Its product mix is too wide and is still mainly various value added commodity products.
Both MG and Fonterra have nowhere to move when it comes to growing their respective businesses within the current state of the Australian industry.
It’s a Mexican stand off and their futures are limited along with their farmers, so it’s time to look at options.
Is this pricing model leading to a declining or at best stable southern total milk pool?
Can any change be possible without a whole of industry response, now that Canberra is paying attention?
MG’s new plants have no chance of going ahead without a growing Australian milk pool or rationalisation of the processing sector.
At this point it seems to be fracturing even more into smaller and smaller players, doing nothing for processor efficiency.
Our processors are not world class and lack scale.
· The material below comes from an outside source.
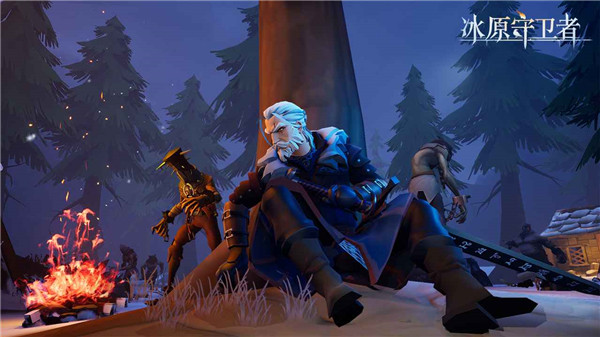 冰原守卫者雷霆游戏  v1.2.4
Competition for local milk supply is destroying our international competitiveness, because supplier numbers are declining and growth is stagnant, with no thought about the farming systems, their resilience and profitability, and how they relate to the strategy.
MG is critical to the future of the Australian dairy industry, with the ADF and some of the other industry bodies also confirming this.
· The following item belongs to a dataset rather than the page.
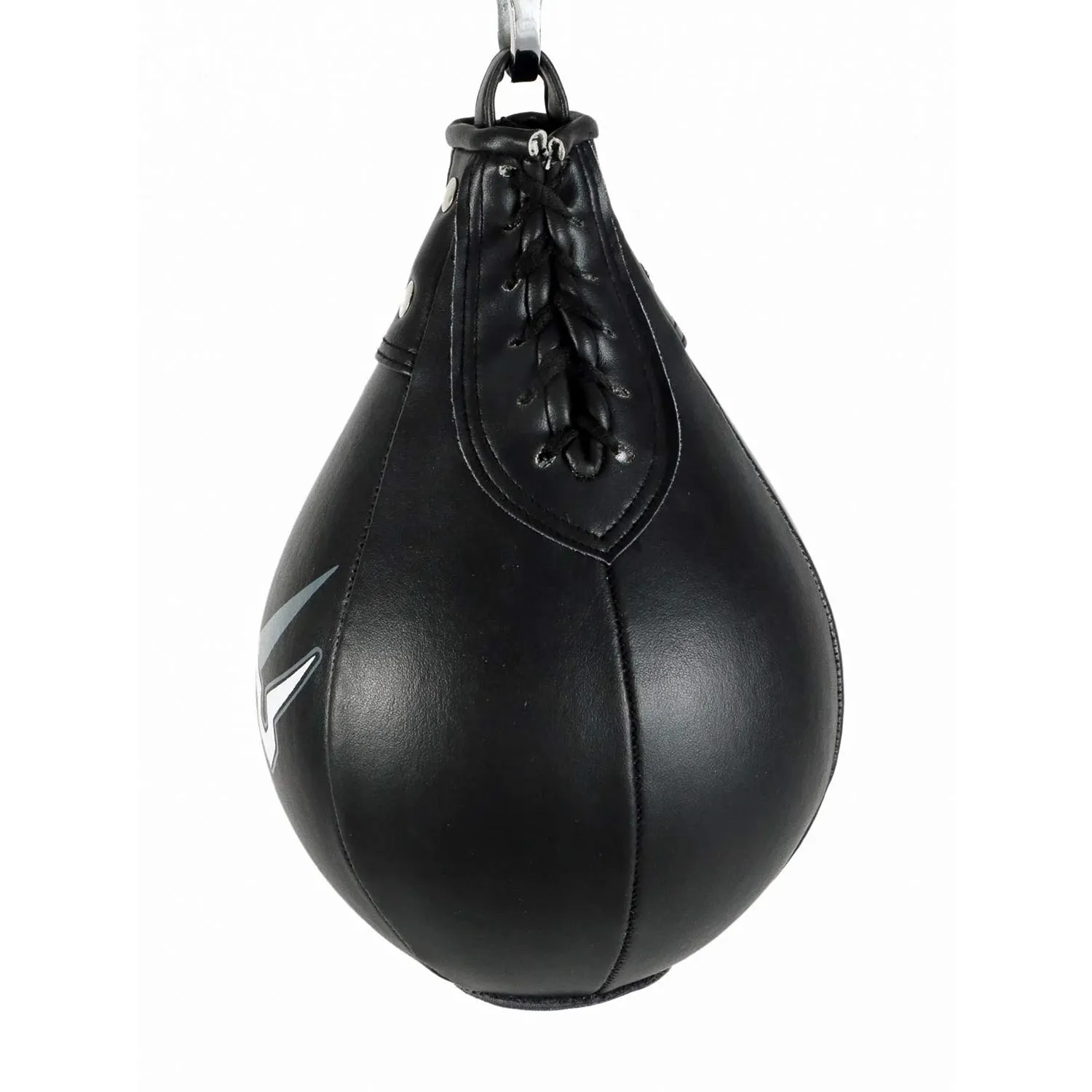 Invincible Synthetic Leather Speed Ball, Black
The Australian dairy industry cannot afford to let MG get smaller or the Australian milk pool to shrink.
For the good of the Australian dairy industry both need to grow.
The next question for the whole of the Australian dairy industry is how do we make this happen?
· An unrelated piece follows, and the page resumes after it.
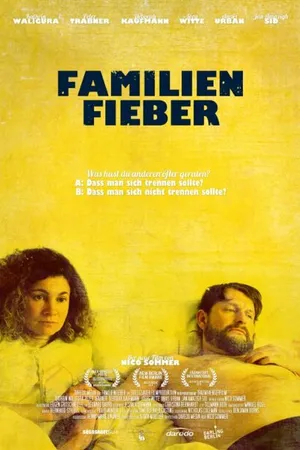 Постер к фильму Familienfieber (2014)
This is a whole of industry issue.
This industry has been at cross roads for the last 10 years and very little has changed.
It is time to decide in which direction this industry is headed.
We have to decide if we want to be a world-class industry that can compete with the rest of the world or be also-rans.
This is something our Kiwi friends are very good at.
They know where they want to be and know how to get there, with government in the loop.
Read the Horizon 2020 report, a good document (Produced in 2013 with funding from Dairy Australia, the Geoffrey Gardiner Foundation, and ADF).
Right now, we are in the bottom left corner of the strengths and weaknesses axis, exactly where the document said we would be if our leaders did nothing and we kept going as we were.
It’s now crunch time for this industry.
MG and Fonterra Australia have to merge for the good of both New Zealand and Australian farmers and their respective industries.
Both are, after all, co-ops.
The question for the whole of the Australian industry and Australian government is what will it take and how do we convince Fonterra to let go of its Australian business so it can merge with MG for the good of both nations and industries?
This has to happen. That is the challenge for the ADF and the Australian industry as a whole.
Do we want to shape the future of our industry or will we allow our competitors to do it for us?
Are we mature enough as farmers, and as an industry, to have the conversation and engage with New Zealand as a whole?
It’s going to be a tough conversation but, in reality, much more important that any free trade deal we are likely to negotiate.
Can we put our prejudices and biases to one side long enough to have the debate or do we hide behind the mask of the government that will never allow it to happen?
If we are to have this debate, we should be discussing this at the next UDV conference.
If, after this discussion, we decide that there is no need for a large Australian owned co-op to act as the foundation of this industry long term, so be it.
At least we have had the discussion and are informed.
Berhnard Lubitz is a dairy farmer from Gippsland and MG supplier.